[Directions for this task] In the records below, find the line with "Antique and highly" and the line with "Kids Bed Frame". Print both exactly, along with every line between them, and no other line.

━━━━━ Information shown

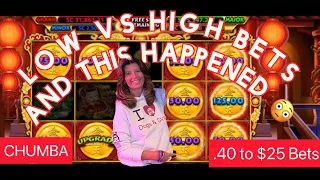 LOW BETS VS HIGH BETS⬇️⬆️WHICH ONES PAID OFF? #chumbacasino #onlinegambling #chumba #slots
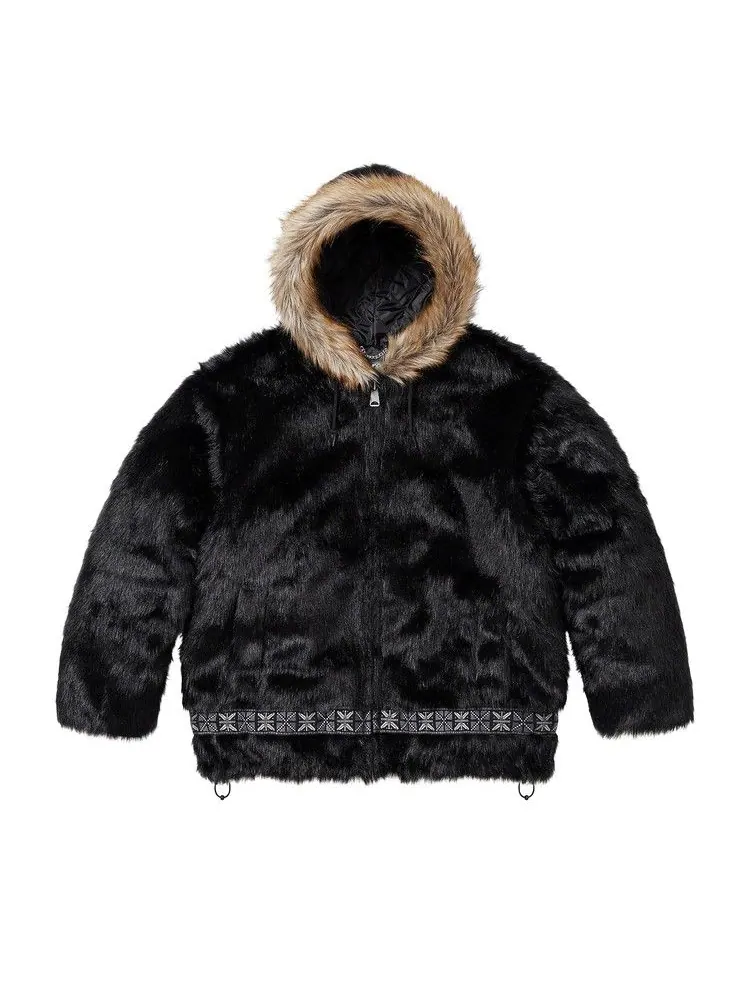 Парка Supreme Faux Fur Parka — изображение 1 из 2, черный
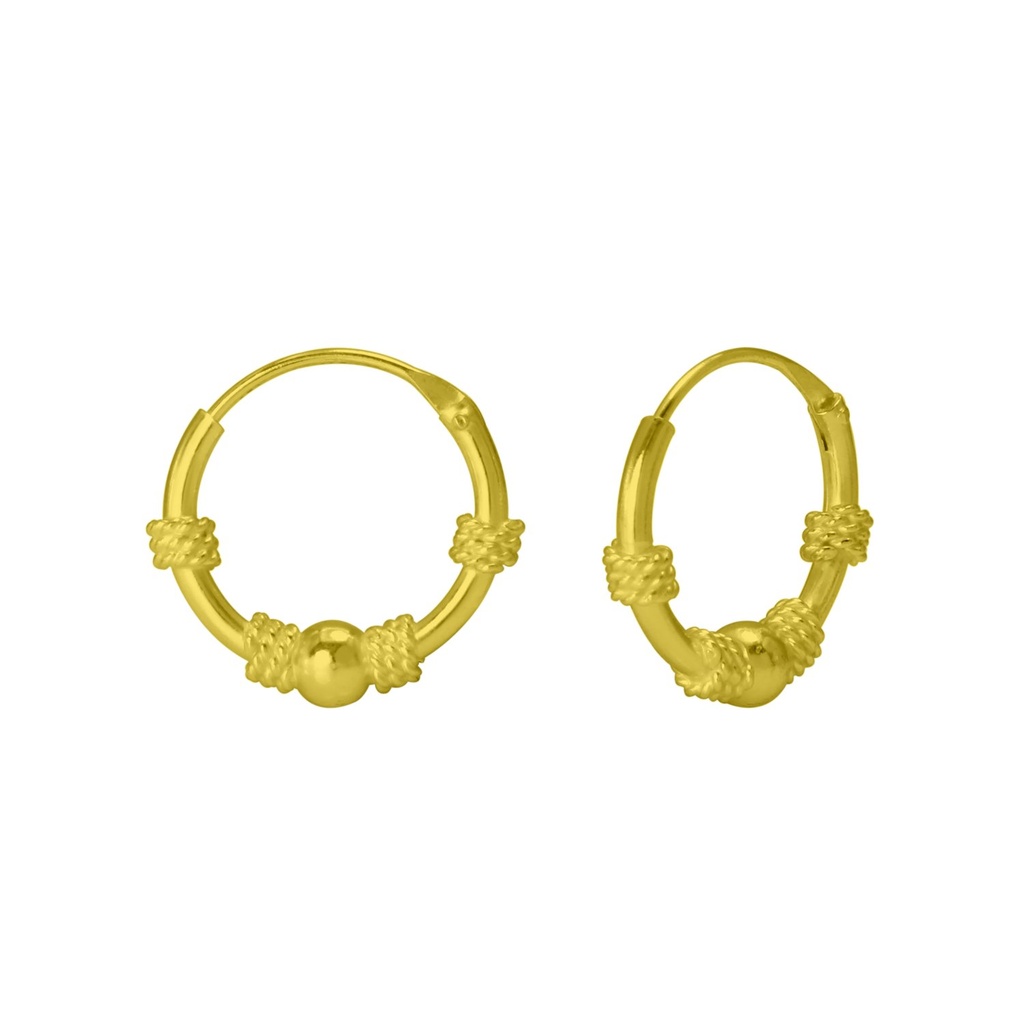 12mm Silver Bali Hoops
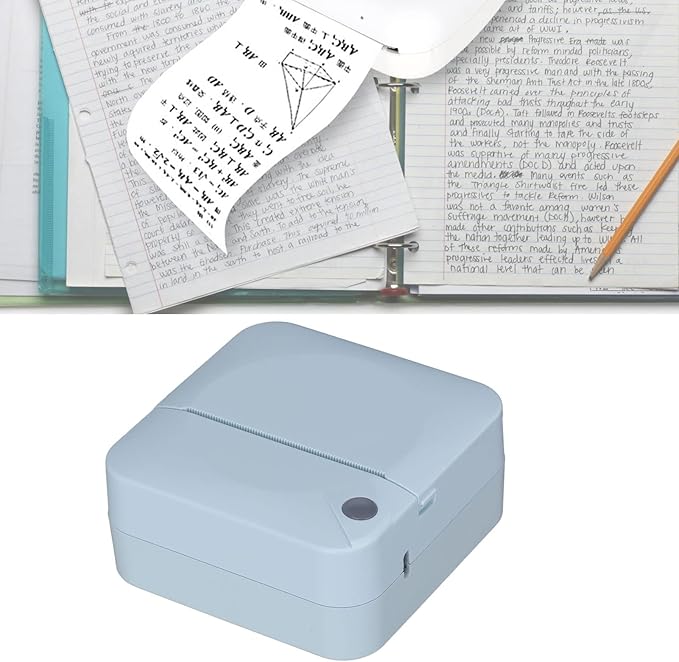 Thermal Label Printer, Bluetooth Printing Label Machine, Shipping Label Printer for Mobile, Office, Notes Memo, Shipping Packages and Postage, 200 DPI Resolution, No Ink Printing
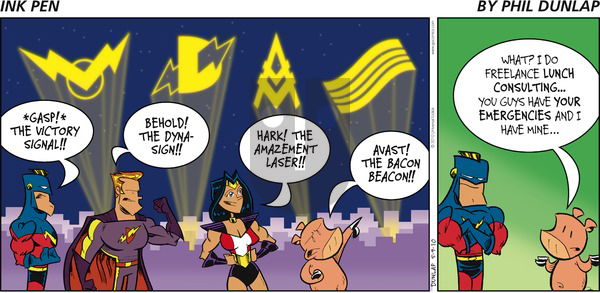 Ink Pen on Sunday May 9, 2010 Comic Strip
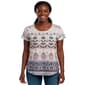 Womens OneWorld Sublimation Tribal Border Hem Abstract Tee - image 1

━━━━━━━━━━
━━━━━ Information shown

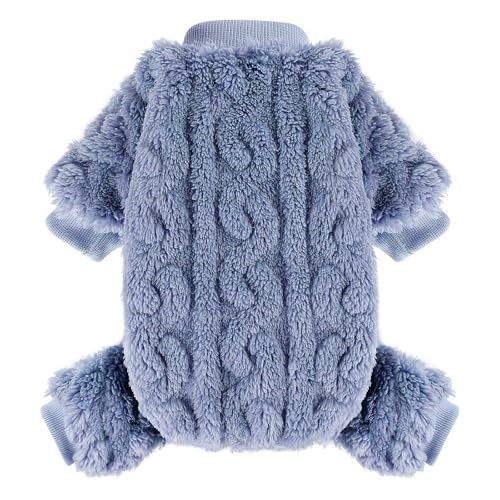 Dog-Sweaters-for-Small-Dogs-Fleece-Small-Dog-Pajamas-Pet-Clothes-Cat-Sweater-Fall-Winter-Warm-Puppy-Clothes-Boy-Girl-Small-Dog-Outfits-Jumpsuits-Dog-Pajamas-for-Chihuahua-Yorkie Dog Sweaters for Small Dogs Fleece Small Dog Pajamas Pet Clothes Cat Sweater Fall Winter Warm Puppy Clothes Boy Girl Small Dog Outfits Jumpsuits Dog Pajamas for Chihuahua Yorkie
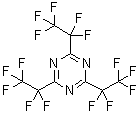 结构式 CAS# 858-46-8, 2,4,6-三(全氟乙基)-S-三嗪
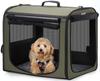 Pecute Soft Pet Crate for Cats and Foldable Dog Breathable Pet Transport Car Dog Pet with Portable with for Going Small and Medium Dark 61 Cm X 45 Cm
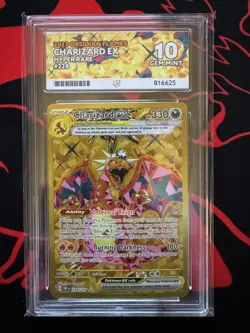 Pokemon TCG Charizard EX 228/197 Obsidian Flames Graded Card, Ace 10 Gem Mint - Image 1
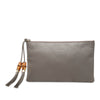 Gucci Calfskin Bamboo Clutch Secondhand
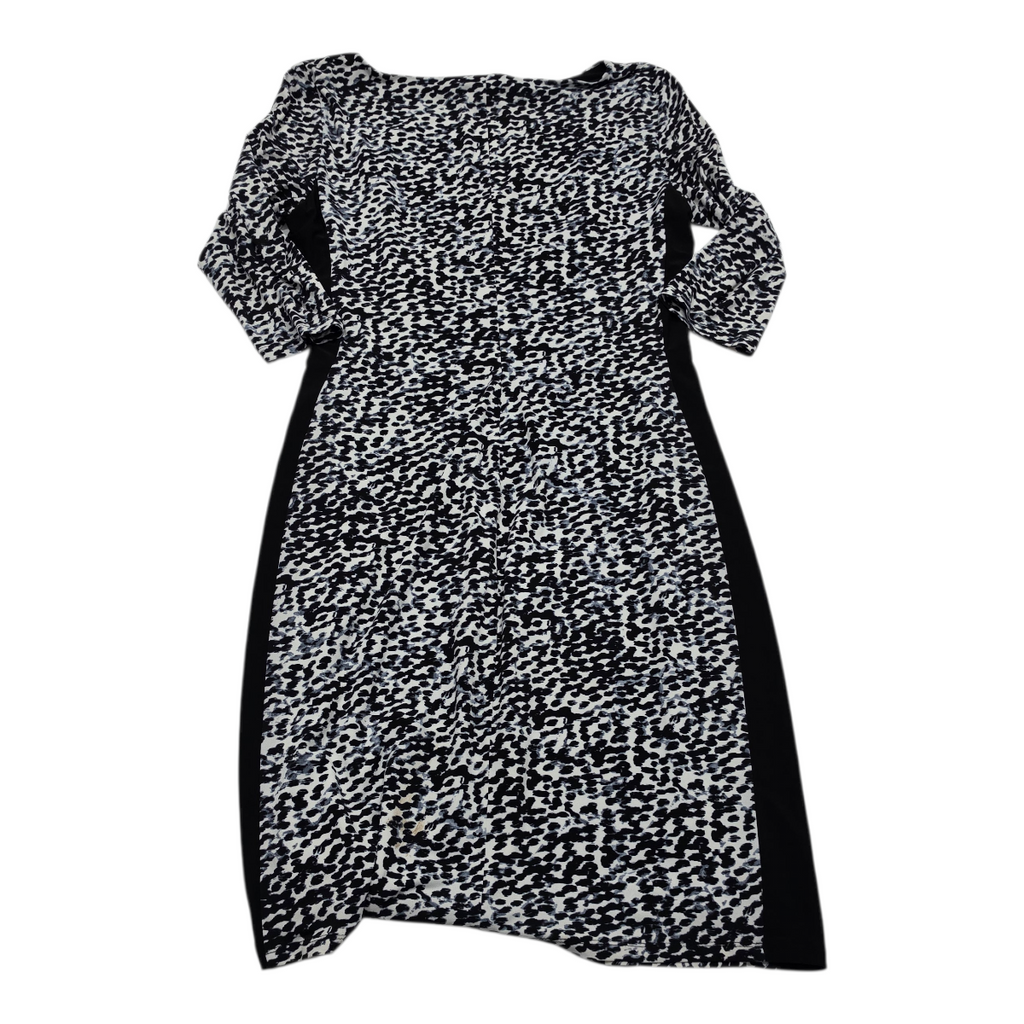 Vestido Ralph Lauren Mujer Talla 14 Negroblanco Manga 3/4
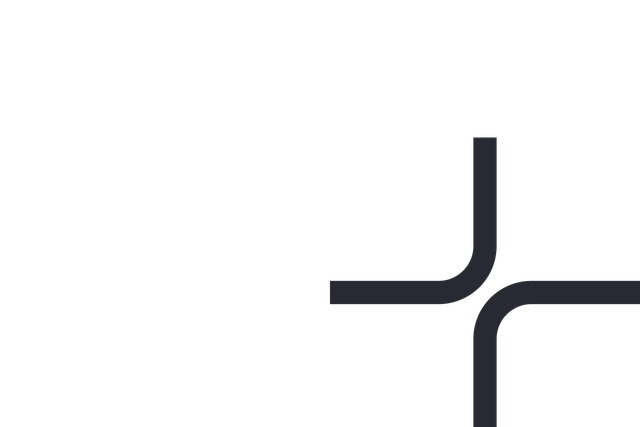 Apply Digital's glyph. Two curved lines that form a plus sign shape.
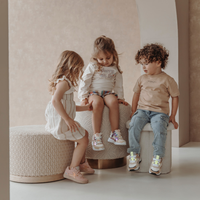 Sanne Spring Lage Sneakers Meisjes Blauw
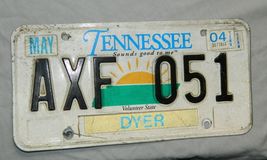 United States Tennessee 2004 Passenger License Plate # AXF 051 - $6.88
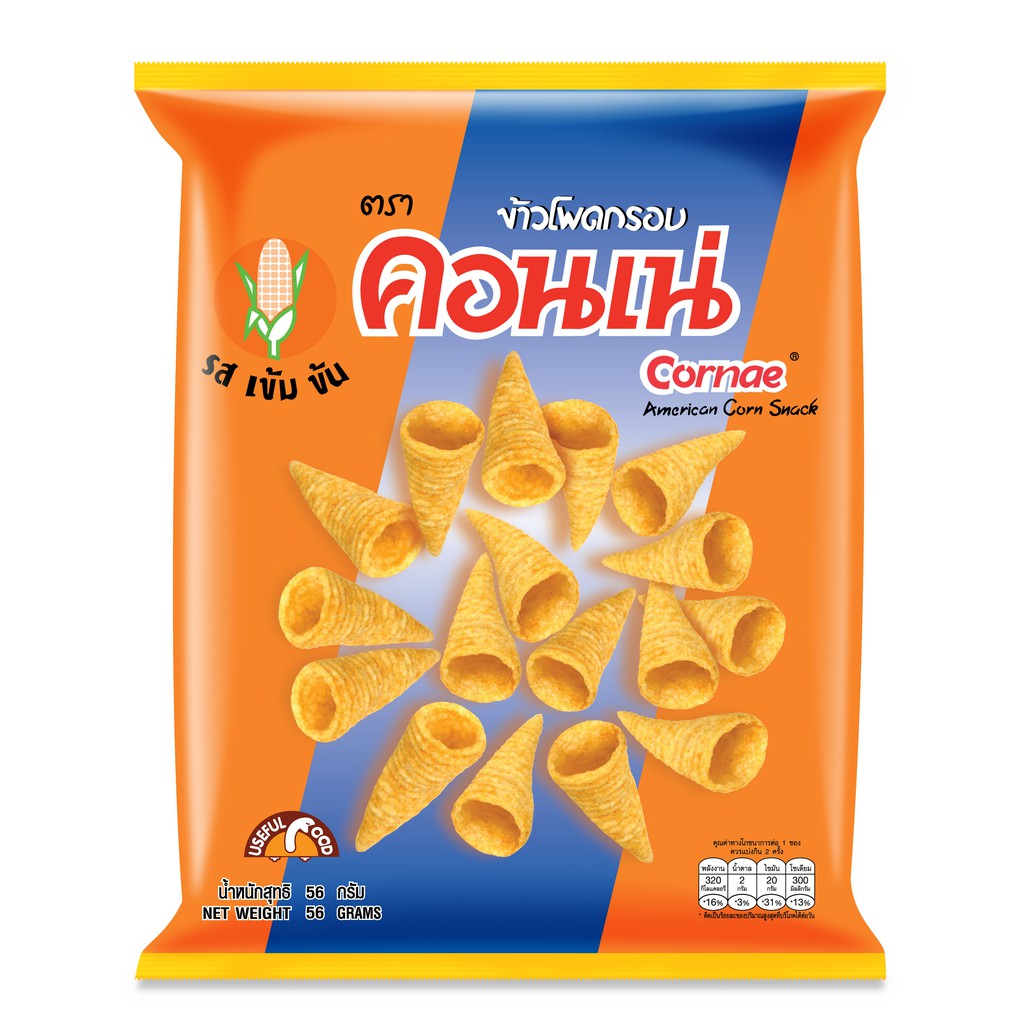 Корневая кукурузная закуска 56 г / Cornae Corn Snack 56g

━━━━━━━━━━
━━━━━ Information shown

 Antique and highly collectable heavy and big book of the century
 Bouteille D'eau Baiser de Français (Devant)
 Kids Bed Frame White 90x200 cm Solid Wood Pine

━━━━━━━━━━

[Completed task]
 Antique and highly collectable heavy and big book of the century
 Bouteille D'eau Baiser de Français (Devant)
 Kids Bed Frame White 90x200 cm Solid Wood Pine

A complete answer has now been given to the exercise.